Short descriptive text snippets:
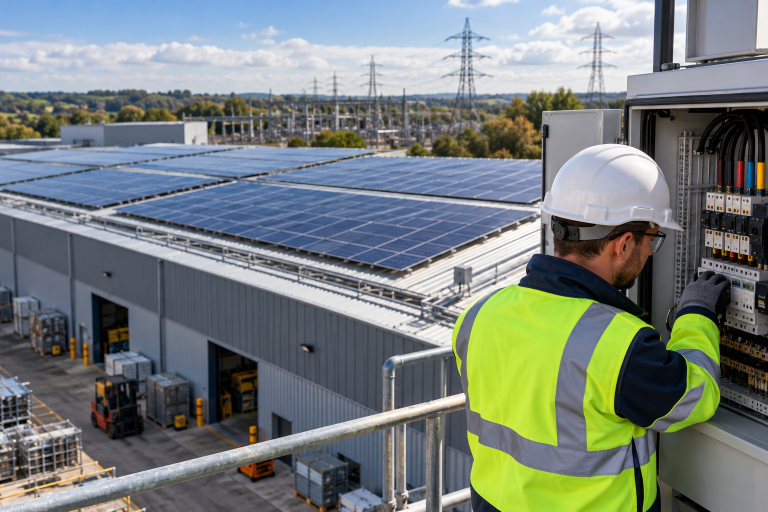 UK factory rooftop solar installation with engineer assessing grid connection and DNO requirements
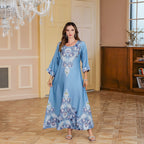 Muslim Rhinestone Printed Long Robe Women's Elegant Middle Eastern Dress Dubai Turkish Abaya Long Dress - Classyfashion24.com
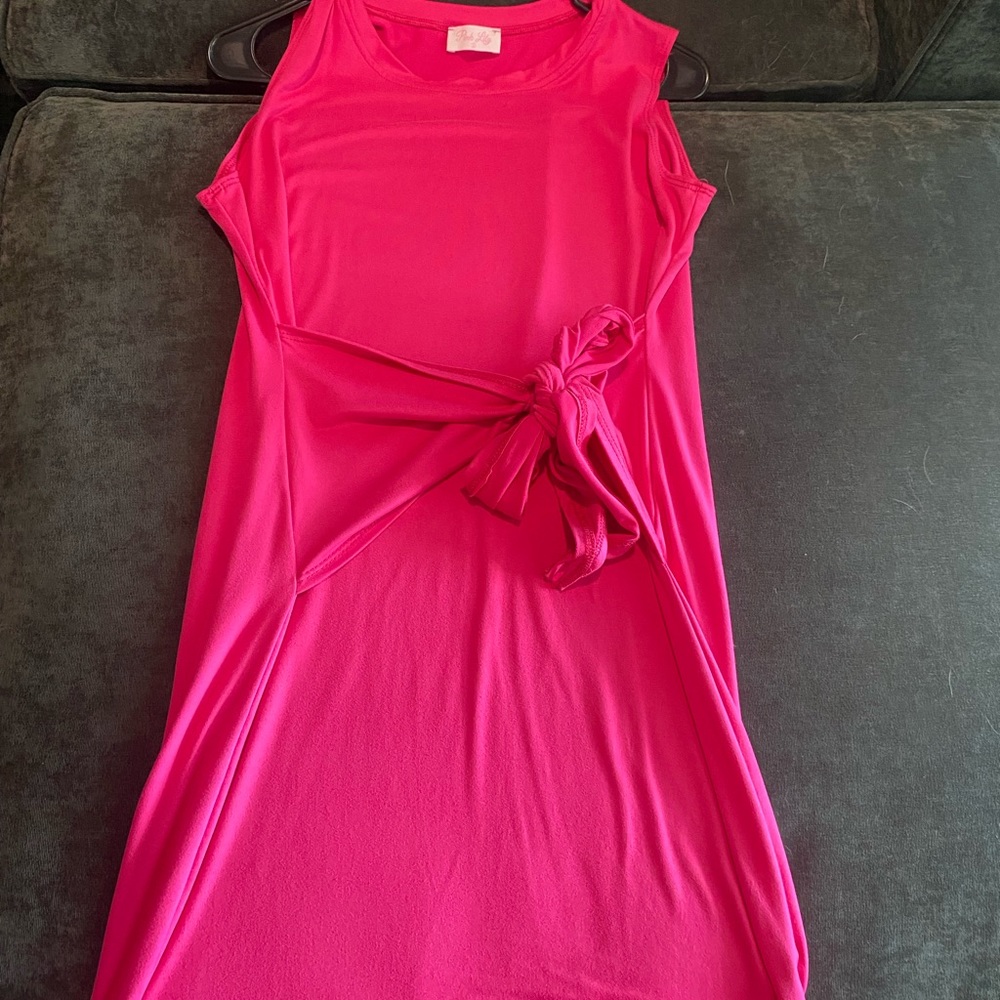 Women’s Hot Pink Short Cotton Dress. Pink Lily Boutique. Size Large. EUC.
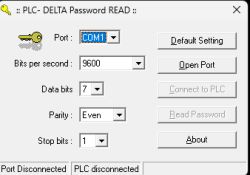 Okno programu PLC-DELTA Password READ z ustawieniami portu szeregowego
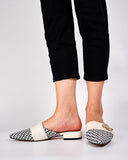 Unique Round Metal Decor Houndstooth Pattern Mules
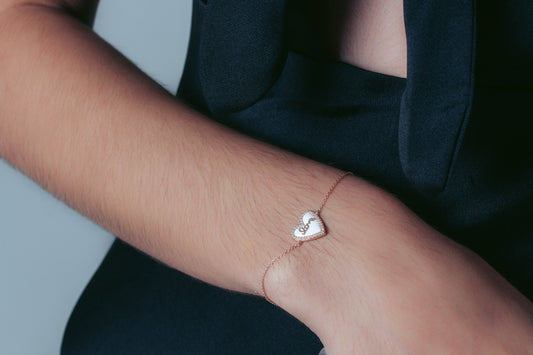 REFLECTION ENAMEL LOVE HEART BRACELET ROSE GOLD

- **About this exercise**:
Write out exactly the lines that run from the one containing "Unique Round Metal" to the last line of the entries above, both ends kept, pictures left out.

- **Response area**:
 Unique Round Metal Decor Houndstooth Pattern Mules
 REFLECTION ENAMEL LOVE HEART BRACELET ROSE GOLD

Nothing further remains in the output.